One week, she thought. When she’d accepted Brian’s invitation to come here, a week was all she wanted to put in before fleeing home. But now it seemed a drop in the bucket, hardly enough time to do what they needed to do.

“Are you going to tell Roger?” Charlotte asked.

“Not right now,” Jack said. “I don’t see the point. If we find what we’re looking for, then the case will stay here and it’s all a moot point.”

“And if not?”

Jack pressed his lips together. “I’d rather not think about it.”

Twenty minutes later they entered the prison. As they reached the door to the conference room, Charlotte’s arm brushed against Jack’s. “After you,” he said, stepping back, his eyes not meeting hers.

Roger sat at the far end of the room. Seeing them, he rose. “You visited the house in Poland? A lovely restoration, isn’t it, if I do say so myself?”

Charlotte fought the urge to jump in and barrage him with questions as she might a witness on the stand. “You’ve done a beautiful job,” she agreed instead, trying to build his trust.

“Herr Dykmans,” Jack began, and she could hear the edge of impatience in his voice. “Can you tell us about Magda?”

An indescribable mix of pleasure and pain crossed Roger’s face. Charlotte’s stomach twisted. She recognized the emotion as one she had felt for Brian over the years, the paradox of reconciling a memory so filled with joy with the tragic ending it had suffered. “Magda,” he said slowly and with great effort, “was my brother’s wife.”

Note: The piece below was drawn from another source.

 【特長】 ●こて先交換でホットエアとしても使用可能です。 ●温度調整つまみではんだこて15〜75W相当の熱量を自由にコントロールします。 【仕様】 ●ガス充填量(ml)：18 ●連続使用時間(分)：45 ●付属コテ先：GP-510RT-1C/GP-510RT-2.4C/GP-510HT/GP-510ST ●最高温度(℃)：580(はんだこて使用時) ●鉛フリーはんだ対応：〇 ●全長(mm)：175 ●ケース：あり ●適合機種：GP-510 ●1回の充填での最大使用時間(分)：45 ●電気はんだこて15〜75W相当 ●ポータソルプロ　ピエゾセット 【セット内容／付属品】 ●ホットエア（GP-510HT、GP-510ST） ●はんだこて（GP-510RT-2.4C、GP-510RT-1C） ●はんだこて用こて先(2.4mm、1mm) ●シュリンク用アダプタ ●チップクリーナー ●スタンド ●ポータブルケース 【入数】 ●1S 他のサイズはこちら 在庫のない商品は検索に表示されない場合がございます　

Charlotte empathized silently with how hard it was for Roger to acknowledge that marriage, which carried more legitimacy than his own relationship with Magda, whatever that had been. Like admitting to herself that Brian and Danielle were married.
Enough, she thought. This isn’t about me. She forced her attention to the elderly man seated across from her. “Herr Dykmans,” she tried gently, “we understand that Magda may have been something more to you.”

“No, no,” he said, his first reaction after all these years still to deny it.

Jack pulled out the letter and slid it across the table. As Roger scanned the paper, the years seemed to unfold across his face, his misgivings about committing such things to writing in the first place, the strong emotions that had prompted him to take the risk. “This was nothing,” he protested, lifting his eyes from the paper. “The foolish musings of a young man. I never even sent it.”

“Herr Dykmans,” Charlotte said, “we understand from someone we met in Wadowice that what existed between you and Magda was more than just feelings, that there was a relationship.” She willed her expression to be neutral, hoping he would not see through the bluff.